What to do:
Find "TORREVIEJA - Punta Prima" in the material below, then copy that line and every subsequent line to the end, exactly.
(Beginning of Exercise materials)
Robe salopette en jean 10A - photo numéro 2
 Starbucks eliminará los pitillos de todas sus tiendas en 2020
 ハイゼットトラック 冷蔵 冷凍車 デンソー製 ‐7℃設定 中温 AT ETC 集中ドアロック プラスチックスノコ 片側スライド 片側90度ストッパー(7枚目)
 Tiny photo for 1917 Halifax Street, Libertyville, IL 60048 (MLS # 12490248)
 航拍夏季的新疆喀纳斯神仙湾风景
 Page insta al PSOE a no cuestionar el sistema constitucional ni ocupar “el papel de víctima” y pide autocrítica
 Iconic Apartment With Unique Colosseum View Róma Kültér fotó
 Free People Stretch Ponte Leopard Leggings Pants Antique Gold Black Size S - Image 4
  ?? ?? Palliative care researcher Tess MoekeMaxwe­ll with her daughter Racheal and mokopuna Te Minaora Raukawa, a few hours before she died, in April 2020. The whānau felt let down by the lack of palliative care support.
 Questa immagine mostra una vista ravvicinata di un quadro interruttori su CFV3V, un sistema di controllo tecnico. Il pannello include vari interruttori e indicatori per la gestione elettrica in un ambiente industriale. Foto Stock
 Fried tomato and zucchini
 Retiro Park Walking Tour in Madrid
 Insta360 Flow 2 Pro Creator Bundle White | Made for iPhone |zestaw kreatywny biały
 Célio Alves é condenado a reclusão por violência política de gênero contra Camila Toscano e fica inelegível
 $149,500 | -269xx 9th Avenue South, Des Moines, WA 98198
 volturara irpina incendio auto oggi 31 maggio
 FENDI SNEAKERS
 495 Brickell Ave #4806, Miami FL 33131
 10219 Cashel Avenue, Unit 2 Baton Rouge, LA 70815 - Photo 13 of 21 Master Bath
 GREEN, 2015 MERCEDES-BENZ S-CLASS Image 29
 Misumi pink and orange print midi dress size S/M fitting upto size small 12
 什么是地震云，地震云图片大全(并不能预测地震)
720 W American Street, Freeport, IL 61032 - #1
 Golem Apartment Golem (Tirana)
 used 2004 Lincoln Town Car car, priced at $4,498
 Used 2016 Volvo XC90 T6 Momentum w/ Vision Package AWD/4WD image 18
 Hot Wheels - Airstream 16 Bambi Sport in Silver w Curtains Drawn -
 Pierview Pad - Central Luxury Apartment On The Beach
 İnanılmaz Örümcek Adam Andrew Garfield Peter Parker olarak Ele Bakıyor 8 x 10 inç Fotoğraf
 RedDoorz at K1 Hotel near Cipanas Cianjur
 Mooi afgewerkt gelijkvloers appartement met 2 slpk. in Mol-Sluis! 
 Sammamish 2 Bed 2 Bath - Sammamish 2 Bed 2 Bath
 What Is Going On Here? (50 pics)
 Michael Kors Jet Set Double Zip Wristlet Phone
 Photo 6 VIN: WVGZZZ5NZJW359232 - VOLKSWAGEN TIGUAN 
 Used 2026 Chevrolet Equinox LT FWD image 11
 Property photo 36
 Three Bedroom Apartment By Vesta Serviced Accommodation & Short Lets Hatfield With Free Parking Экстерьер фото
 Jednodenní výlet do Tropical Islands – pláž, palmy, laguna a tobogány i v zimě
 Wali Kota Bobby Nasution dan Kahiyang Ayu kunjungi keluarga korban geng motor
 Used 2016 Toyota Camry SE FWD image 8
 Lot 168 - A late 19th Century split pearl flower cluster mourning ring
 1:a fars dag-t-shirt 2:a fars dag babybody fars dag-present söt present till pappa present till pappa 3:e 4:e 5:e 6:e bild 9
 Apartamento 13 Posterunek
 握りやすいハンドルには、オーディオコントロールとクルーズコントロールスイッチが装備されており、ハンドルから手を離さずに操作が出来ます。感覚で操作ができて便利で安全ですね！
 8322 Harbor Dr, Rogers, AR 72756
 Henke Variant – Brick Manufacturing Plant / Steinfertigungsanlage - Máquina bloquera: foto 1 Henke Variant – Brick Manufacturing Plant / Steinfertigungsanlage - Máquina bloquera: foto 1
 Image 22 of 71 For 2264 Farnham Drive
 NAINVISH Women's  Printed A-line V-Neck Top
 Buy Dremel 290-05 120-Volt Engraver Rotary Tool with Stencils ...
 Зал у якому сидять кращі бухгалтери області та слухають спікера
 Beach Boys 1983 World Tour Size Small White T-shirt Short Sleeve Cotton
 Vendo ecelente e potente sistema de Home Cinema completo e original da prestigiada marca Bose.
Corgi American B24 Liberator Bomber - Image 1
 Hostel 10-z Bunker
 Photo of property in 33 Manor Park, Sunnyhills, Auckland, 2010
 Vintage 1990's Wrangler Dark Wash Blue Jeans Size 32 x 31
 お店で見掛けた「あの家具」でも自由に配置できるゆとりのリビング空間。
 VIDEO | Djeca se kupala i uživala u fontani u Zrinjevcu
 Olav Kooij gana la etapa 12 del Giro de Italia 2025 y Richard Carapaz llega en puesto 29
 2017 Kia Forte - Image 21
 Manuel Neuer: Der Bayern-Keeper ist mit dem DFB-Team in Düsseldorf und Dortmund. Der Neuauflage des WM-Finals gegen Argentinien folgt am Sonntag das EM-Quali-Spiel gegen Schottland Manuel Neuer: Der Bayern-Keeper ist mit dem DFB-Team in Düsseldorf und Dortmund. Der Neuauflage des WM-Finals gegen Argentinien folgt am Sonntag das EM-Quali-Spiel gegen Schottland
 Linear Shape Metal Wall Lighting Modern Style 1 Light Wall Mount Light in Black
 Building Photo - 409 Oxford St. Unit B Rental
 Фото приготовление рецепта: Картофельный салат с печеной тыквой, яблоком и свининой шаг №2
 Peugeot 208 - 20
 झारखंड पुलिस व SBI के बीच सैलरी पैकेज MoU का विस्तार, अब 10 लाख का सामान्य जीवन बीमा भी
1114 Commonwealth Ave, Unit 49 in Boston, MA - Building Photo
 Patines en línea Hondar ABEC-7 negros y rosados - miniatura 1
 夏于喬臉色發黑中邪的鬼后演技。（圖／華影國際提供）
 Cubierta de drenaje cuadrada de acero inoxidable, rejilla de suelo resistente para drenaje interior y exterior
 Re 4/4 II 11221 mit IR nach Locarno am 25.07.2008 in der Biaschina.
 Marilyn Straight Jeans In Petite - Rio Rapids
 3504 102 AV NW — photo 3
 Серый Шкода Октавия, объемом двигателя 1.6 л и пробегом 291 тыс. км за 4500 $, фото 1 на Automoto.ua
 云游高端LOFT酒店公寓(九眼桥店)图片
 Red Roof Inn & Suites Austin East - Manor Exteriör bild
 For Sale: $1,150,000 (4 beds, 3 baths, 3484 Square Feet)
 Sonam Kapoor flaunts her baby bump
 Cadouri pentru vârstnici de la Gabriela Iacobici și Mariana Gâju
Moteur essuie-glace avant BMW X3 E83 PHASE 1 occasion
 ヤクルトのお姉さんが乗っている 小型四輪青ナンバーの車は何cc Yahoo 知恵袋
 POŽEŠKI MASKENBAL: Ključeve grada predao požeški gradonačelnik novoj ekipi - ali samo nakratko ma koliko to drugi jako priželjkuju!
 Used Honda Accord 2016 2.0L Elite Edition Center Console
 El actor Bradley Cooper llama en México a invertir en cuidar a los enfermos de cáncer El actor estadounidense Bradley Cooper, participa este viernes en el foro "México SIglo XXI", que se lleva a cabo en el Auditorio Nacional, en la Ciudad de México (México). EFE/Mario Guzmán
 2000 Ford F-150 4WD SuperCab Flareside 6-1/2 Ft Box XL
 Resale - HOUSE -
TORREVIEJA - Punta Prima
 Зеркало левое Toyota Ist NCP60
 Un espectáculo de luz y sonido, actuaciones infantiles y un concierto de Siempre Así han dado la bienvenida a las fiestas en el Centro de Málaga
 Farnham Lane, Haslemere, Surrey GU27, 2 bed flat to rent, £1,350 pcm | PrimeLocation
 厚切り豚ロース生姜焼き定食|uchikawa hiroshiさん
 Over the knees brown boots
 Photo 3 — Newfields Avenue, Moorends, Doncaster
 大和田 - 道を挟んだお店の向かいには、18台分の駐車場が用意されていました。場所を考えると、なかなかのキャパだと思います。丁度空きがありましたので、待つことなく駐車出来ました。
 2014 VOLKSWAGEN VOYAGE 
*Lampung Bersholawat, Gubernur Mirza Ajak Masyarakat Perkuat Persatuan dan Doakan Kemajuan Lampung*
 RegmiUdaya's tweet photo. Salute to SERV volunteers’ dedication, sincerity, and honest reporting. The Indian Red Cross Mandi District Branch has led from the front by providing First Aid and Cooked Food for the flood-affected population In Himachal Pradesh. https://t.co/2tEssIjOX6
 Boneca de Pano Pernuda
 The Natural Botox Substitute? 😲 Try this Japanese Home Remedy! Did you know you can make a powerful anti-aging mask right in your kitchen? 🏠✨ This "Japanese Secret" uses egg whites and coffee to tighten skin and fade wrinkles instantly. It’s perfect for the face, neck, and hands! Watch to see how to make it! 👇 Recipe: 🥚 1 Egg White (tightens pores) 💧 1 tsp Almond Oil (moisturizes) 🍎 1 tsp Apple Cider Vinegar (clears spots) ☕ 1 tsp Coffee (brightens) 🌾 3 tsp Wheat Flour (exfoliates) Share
(End of Exercise materials)
Your solution:
TORREVIEJA - Punta Prima
 Зеркало левое Toyota Ist NCP60
 Un espectáculo de luz y sonido, actuaciones infantiles y un concierto de Siempre Así han dado la bienvenida a las fiestas en el Centro de Málaga
 Farnham Lane, Haslemere, Surrey GU27, 2 bed flat to rent, £1,350 pcm | PrimeLocation
 厚切り豚ロース生姜焼き定食|uchikawa hiroshiさん
 Over the knees brown boots
 Photo 3 — Newfields Avenue, Moorends, Doncaster
 大和田 - 道を挟んだお店の向かいには、18台分の駐車場が用意されていました。場所を考えると、なかなかのキャパだと思います。丁度空きがありましたので、待つことなく駐車出来ました。
 2014 VOLKSWAGEN VOYAGE 
*Lampung Bersholawat, Gubernur Mirza Ajak Masyarakat Perkuat Persatuan dan Doakan Kemajuan Lampung*
 RegmiUdaya's tweet photo. Salute to SERV volunteers’ dedication, sincerity, and honest reporting. The Indian Red Cross Mandi District Branch has led from the front by providing First Aid and Cooked Food for the flood-affected population In Himachal Pradesh. https://t.co/2tEssIjOX6
 Boneca de Pano Pernuda
 The Natural Botox Substitute? 😲 Try this Japanese Home Remedy! Did you know you can make a powerful anti-aging mask right in your kitchen? 🏠✨ This "Japanese Secret" uses egg whites and coffee to tighten skin and fade wrinkles instantly. It’s perfect for the face, neck, and hands! Watch to see how to make it! 👇 Recipe: 🥚 1 Egg White (tightens pores) 💧 1 tsp Almond Oil (moisturizes) 🍎 1 tsp Apple Cider Vinegar (clears spots) ☕ 1 tsp Coffee (brightens) 🌾 3 tsp Wheat Flour (exfoliates) Share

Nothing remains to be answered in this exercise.